The International Energy Agency says oil demand could bounce back next year, but restrictions on air travel will continue lower appetite for jet fuel

air plane

Air passenger traffic is expected to more than halve in 2020

The collapse of air travel during coronavirus weighs heavily on recovering oil demand, despite the fact 2021 could witness the biggest annual rebound in history, said the International Energy Agency (IEA).

In its latest oil market update, the Paris-based watchdog said worldwide demand will fall by 8.1 million barrels per day (bpd) this year – a slight positive adjustment from last month’s forecast of an 8.6 million bpd decline, prompted largely by China’s quick resurgence after lockdown.

Global demand has been decimated in the months since the pandemic began to spread, as containment measures put the brakes on travel and industrial activity.

A recovery of 5.7 million bpd is expected in 2021 – which would be the biggest annual growth in history beating 1973’s record – but even this will leave a shortfall of 2.4 million bpd to 2019’s all-time peak of 100.8 million bpd.

 

If aviation was set aside, global demand could recover to pre-crisis levels by the middle of next year

The damage dealt to the aviation industry – and consequently jet-fuel demand – caused by travel restrictions largely accounts for this gap, said the IEA, which warned the trend that will cause a 55% drop in air passenger traffic this year will “continue to be a drag on oil demand through 2021”.

“If you put aviation aside, our numbers show that global oil demand on a monthly basis in mid-2021 will be at the level of pre-crisis,” said the agency’s executive director Dr Fatih Birol.

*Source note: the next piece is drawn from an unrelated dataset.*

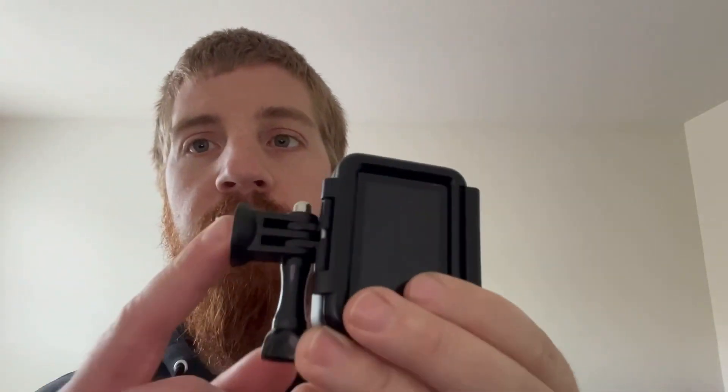It has a couple of pieces to it — mainly the tripod and the selfie stick that goes along with it. It's about a 7-inch to 36-inch extended selfie stick that doubles as a tripod. It also has a phone attachment, which I'm using right now, and a GoPro/action camera attachment. It also has this Bluetooth camera shutter button, which you can use to play videos or press play on your camera to record.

He also cautioned all of these calculations are based on a set of assumptions that there will be a significant economic recovery in 2021, “as major institutions expect”, and no second wave of coronavirus.

Estimates by the agency suggest jest fuel and kerosene demand will fall by three million bpd over this year, before rebounding by just one million bpd in 2021.

 

Peak oil demand could return by 2023

The IEA’s head of oil industry and markets Neil Atkinson added: “We believe that the worst is behind us. As we move through the second half of 2020 the picture starts to improve very considerably. China has emerged very quickly.

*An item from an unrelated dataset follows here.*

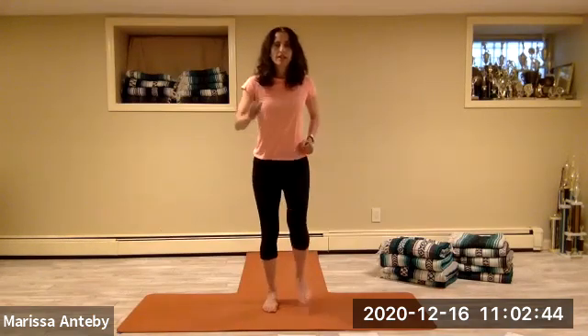Welcome. My name is Marissa and this is our low impact aerobics. We're just going to start by marching. We have the elbows bent and the arms are swaying back and forth and the knees are coming up. We're warming up our body just by marching.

“As we get to November, December, the demand for everything except jet fuel is very close to last year’s level, almost back to normal.

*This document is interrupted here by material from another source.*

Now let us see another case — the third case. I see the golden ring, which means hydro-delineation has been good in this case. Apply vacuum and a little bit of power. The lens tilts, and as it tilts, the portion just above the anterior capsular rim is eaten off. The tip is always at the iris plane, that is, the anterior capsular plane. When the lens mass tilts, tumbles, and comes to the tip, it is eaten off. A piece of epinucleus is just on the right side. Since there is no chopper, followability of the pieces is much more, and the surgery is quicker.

“[A demand level of] 100 million bpd will come back at some point, but it may not be until 2023.”

Measures have been taken worldwide to lower the supply of oil into a market where demand has taken record hit, like the Opec+ agreement to collectively cut production by 9.7 million bpd throughout May, June and July, as well as market-led cutbacks in non-Opec nations like the US and Canada.

These efforts resulted in a production drop of 11.8 million bpd during May, according to the IEA.

Over the year, global production cutbacks are expected to average 7.2 million bpd, with the US the largest contributor with curtailments of 1.2 million bpd by the end of next year.

An overall production increase of 1.7 million bpd is anticipated for 2021.